Close

Microglia become hypofunctional and release metalloproteases and tau seeds after phagocytosing live neurons with P301S tau aggregates

Jack H. Brelstaff, Matthew Mason, Taxiarchis Katsinelos, William A. McEwan, Bernardino Ghetti, Aviva M. Tolkovsky, Maria Grazia Spillantini

Posted on: 11 March 2021

Preprint posted on 26 February 2021

The bitter taste of tau: how microglia “eating” neurons with tau aggregates may contribute to disease pathology and spreading in tauopathies

Selected by Kristina Kuhbandner

Categories: neuroscience

Background

Aggregation of the protein tau is observed in several human neurodegenerative diseases including Alzheimer’s disease, frontotemporal dementia (FTD) and Pick’s disease. These tauopathies are characterized by neuronal cell death associated with intracellular tau aggregates (1). The exact mechanism of cell death and spreading of tau in the central nervous system (CNS) remains unclear, but there is evidence that microglia, the resident immune cells in the brain, are involved (2).

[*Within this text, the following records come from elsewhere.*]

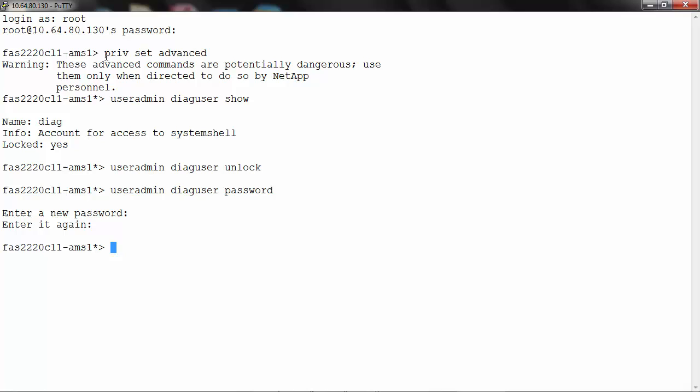Set password for the diag user using the command user admin diag user password.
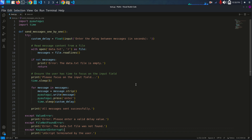Good morning everyone, this is Asif Khan. Today's lesson is about how we can automate WhatsApp using the PyAutoGUI library. I have already created a script and I'm going to explain how you can use this code.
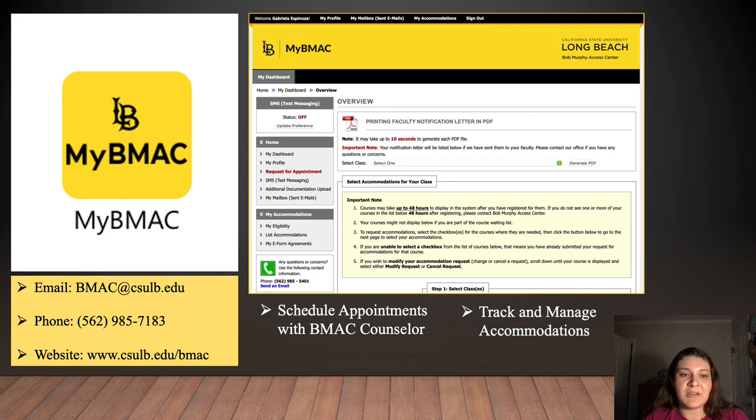We've finally made it to the end. This concludes our video on how to navigate your single sign-on. Thank you for watching, and go Beach!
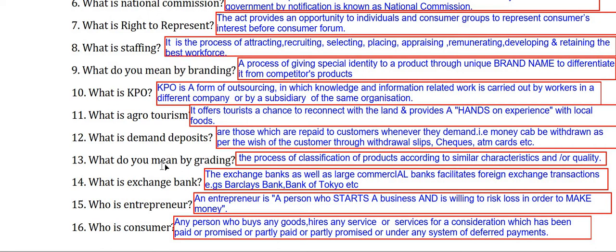What do you mean by grading? Grading is the process of classification of products according to similar characteristics or quality.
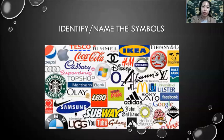All right, so what we are going to do today would be first let's identify or name the symbols that I will be showing you.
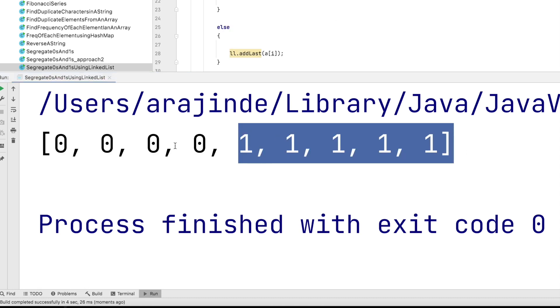You can also segregate it with all the ones on the left and all the zeros on the right. In that case, just change the condition: if A equals 1, addFirst, else addLast.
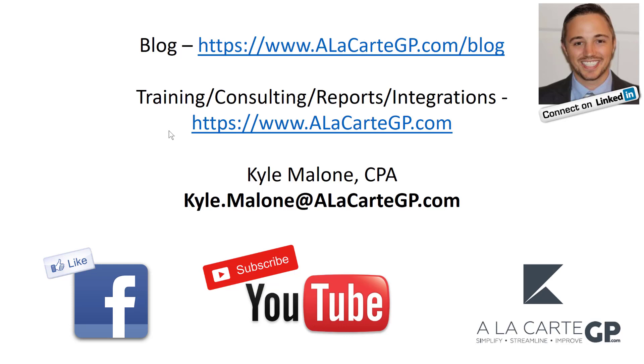So that's it, everyone. I appreciate you sticking with me today. That is processing credit cards within Dynamics GP 2018, talking about a little bit of the new features there. Stay tuned for future posts. Please subscribe, take a look at us on Facebook, check out the website, and if you'd like, give me a shout on LinkedIn. Thanks!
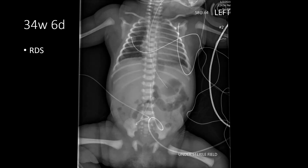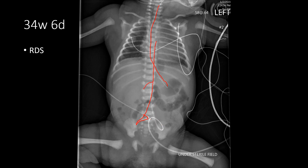In this case we have a premature infant who was 34 weeks six days whose course has been complicated by respiratory distress syndrome. We have a number of catheters in place including a gastric catheter, an umbilical arterial catheter in an appropriate position, and an umbilical venous catheter that is terminating along the inferior margin of the liver. That umbilical venous catheter is low and hasn't been functioning appropriately, so the team needs to establish better central venous access.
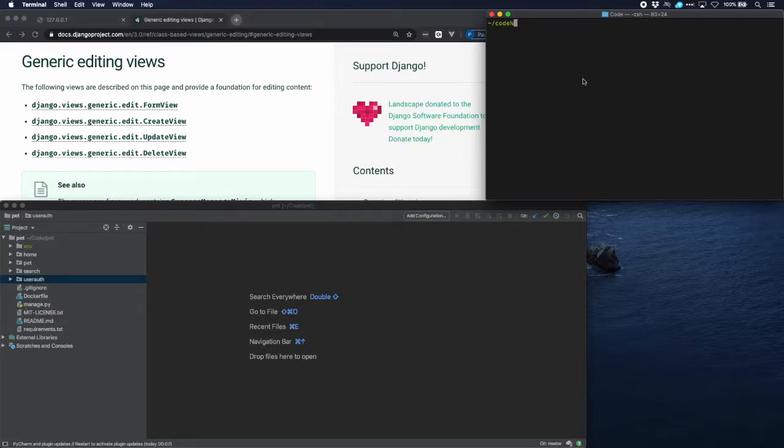Welcome to another tutorial on users. This time we will talk about updating and deleting users.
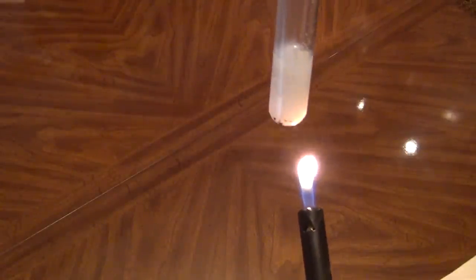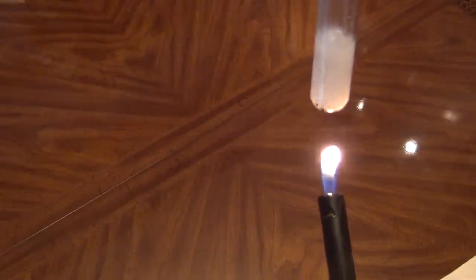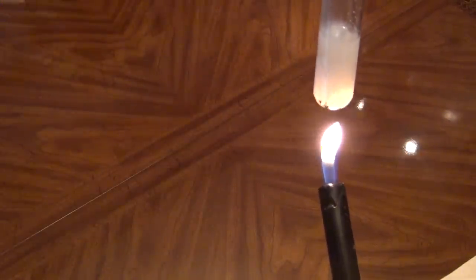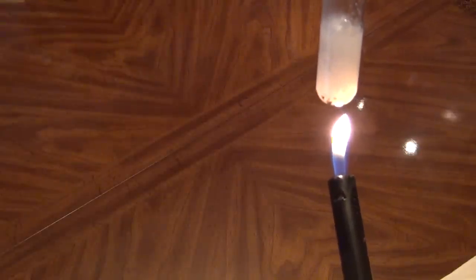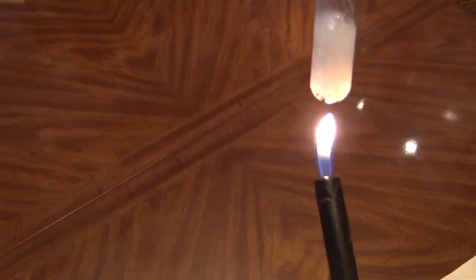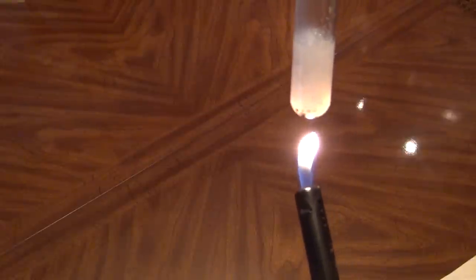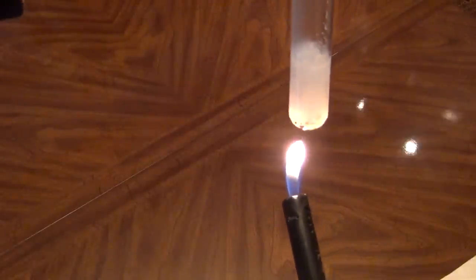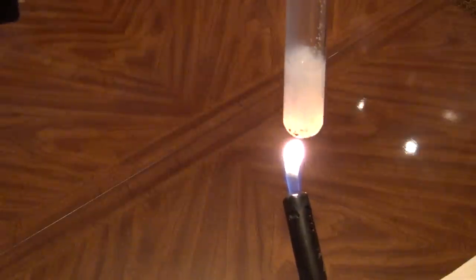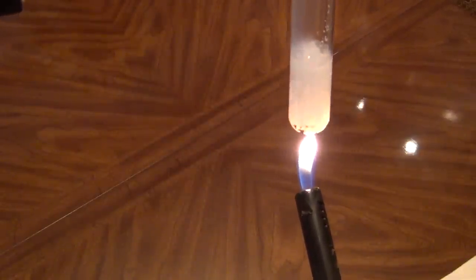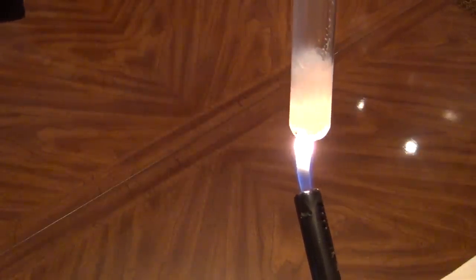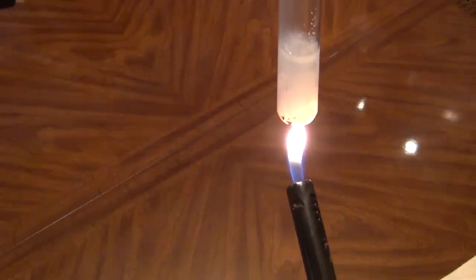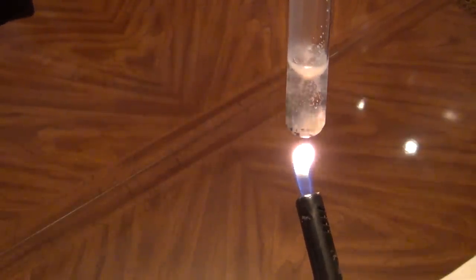See if we heat it up, you'll see it begin to boil here and it'll clear up. There, it's beginning to clear.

Amongst others, activated microglia help to remove damaged or dying cells in the CNS by engulfing them in a process known as phagocytosis. This is triggered by the exposure of “eat-me” signals like phosphatidylserine (PtdSer) on the damaged cells (3). Previously, the Spillantini lab investigated phagocytosis in co-cultures of microglia with neurons isolated from P301S tau transgenic mice. Due to the expression of mutant tau protein, these mice develop neuronal tau aggregates starting at the age of 3 months (4). The respective study revealed that living neurons with tau inclusions exhibit abnormally high amounts of PtdSer marking them for phagocytosis by microglia (5). Using the same model, in this pre-print Brelstaff et al. analyzed microglia that phagocytosed tau-containing neurons in more detail.

 

Key results

  • Microglia phagocytosing neurons with tau aggregates release tau

First, microglial cells from C57BL/6 wildtype mice were cultured with neurons isolated from 5-month-old P301S tau transgenic mice (P301S neurons). After several days, a significant amount of tau was detected in the supernatant of these co-cultures. Blocking phagocytosis by masking PtdSer markedly reduced the loss of neurons and the presence of tau in the medium indicating that phagocytosing microglia were the source of tau. Remarkably, microglia continued to release tau when re-isolated from the neuronal co-cultures.

  • Released tau is insoluble and can trigger seeding of tau aggregates

Then, they further characterized tau detected in co-culture medium. Similar to tau in P301S neurons, tau in the supernatant was present in the form of insoluble aggregates. Of note, the isolated species were also able to induce aggregation in a tau seeding assay.

  • After phagocytosing tau aggregate-containing neurons microglia become hypophagocytic and    adopt a senescence-like state

To determine the phagocytic capacity of microglia after ingesting P301S neurons, microglia were re-isolated and cultured again in the presence of fresh P301S neurons. In this setting, no significant loss of tau aggregate-containing neurons was observed indicating a hypophagocytic phenotype which renders microglia unable to engulf other neurons with tau aggregates. Additionally, these microglia showed an increase in acidic β-galactosidase activity, a marker for cellular senescence.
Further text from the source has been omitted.